5 Signs that your coffee marketing is a little too decaf.

June 25, 2013 by

one coffee bean in cupMarketing is like serving up a never-ending feast. And you’re the chef.

What you serve had better be tasty, nutritious and fresh. And guess what…you can’t just serve up just one meal and then go home. This is a never ending feast. Your customers want tasty, nutritious and fresh food every day!

What’s true for food is also true for marketing.

Serving up bland, uninformative and stale marketing and content won’t win you any prizes or customers. Do that and you’re on the road to decaf marketing.

And if you’re not sure whether your marketing is decaf or not, here are 5 signs to watch out for.

Decaf Moment #1: Photos of your coffees or coffee brewers are all shot against a white background

I get it. I understand the need for some shots against white backgrounds for use on your own catalog pages and on external sites like Amazon. However, that doesn’t mean that all your product photos should be shot like this.

Unless your coffee bag labels or your brewers are amazing enough to find a home in a museum of modern art, they need more than a white background to appeal to prospective customers. A plain shot of a bag of beans is about as enticing as shot of...well, a paper bag.

Why not takes some photos that give your products some context? On a kitchen counter, at the roaster, on a cupping table at a coffee farm, in a coffee shop.
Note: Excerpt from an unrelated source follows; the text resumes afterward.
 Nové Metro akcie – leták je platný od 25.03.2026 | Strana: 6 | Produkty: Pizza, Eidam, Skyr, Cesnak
People don’t to spend money on plastic appliances and bags of beans. They spend money for other reasons, ranging from convenience to a love of the coffee-making experience.

Decaf Moment #2: You think an online product sales page with a bland photo and a few words of description is enough to close the sale

Get the photo right and you’re maybe half way there. Now for the words.
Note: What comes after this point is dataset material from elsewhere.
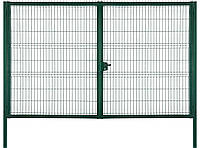 Розпашні ворота із зварної сітки в полімерному покритті (RAL 6005, 7016, 8017)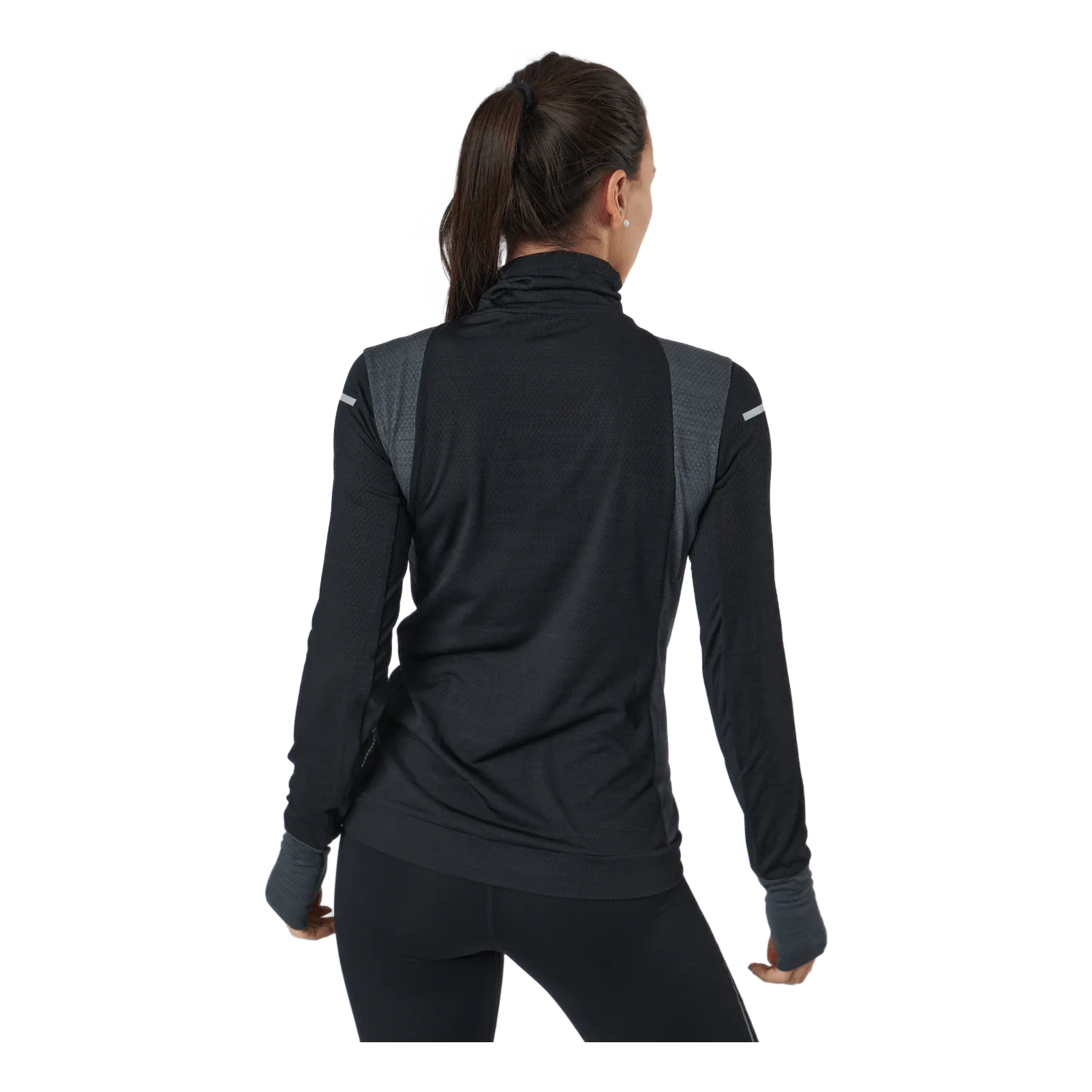 Adidas Blocked Longsleeve Tee Women Black / Grey Six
On most product pages online, whether for brewers or beans, the text is simply descriptive. It’s all about the facts and the features. This brewer has an 8-cup water reservoir. This coffee comes from Colombia.

That’s it? Really?

You don’t think there is a more powerful way to use language…to hook your readers and make them feel a deep desire to buy your products over any others?
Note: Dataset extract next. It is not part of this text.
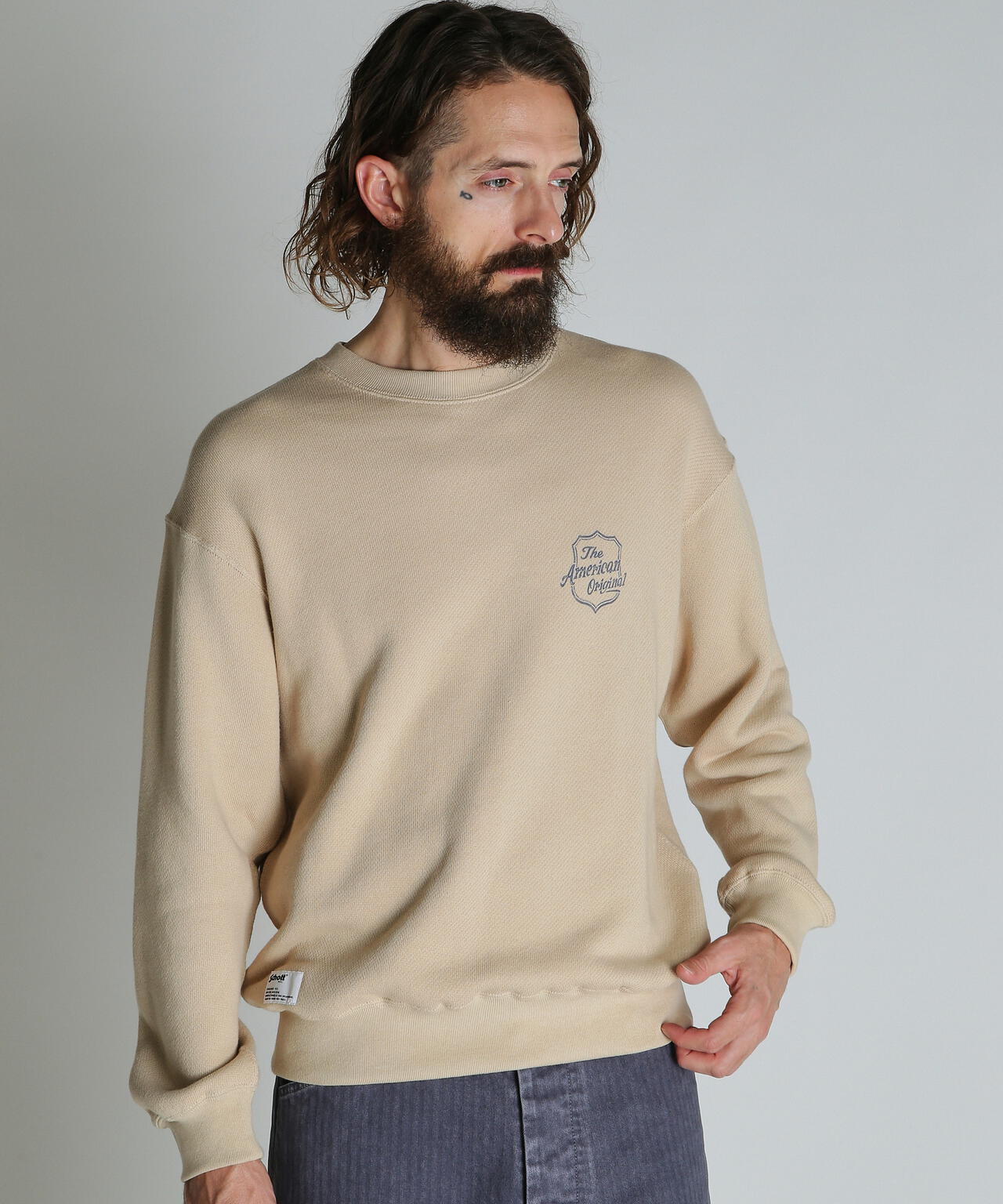 SHIELD CREW KNIT SWEAT/シールド クルー ニットスウェット | Schott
No stories to tell? No videos to share? No growers or roasters to interview? No customer feedback? No pairing suggestions with meals or pastries?

Decaf Moment #3: You don’t keep in touch with your buyers through an e-newsletter or social media

If you sell coffee, you’re lucky. Coffee is addictive. People buy coffee every week of every month, year after year. They can buy your coffees, or someone else’s.

Don’t you think it’s worth keeping in touch with your buyers on a regular basis?

You can do this with an ongoing series of emails or e-newsletters, a blog, a podcast, social media or even a video blog. Tell stories, share what’s new, feature the customer of the week.

Do this well and you’ll not only hang on to your customers for longer, but you’ll turn some of them into raging fans who will share your message with their friends and colleagues.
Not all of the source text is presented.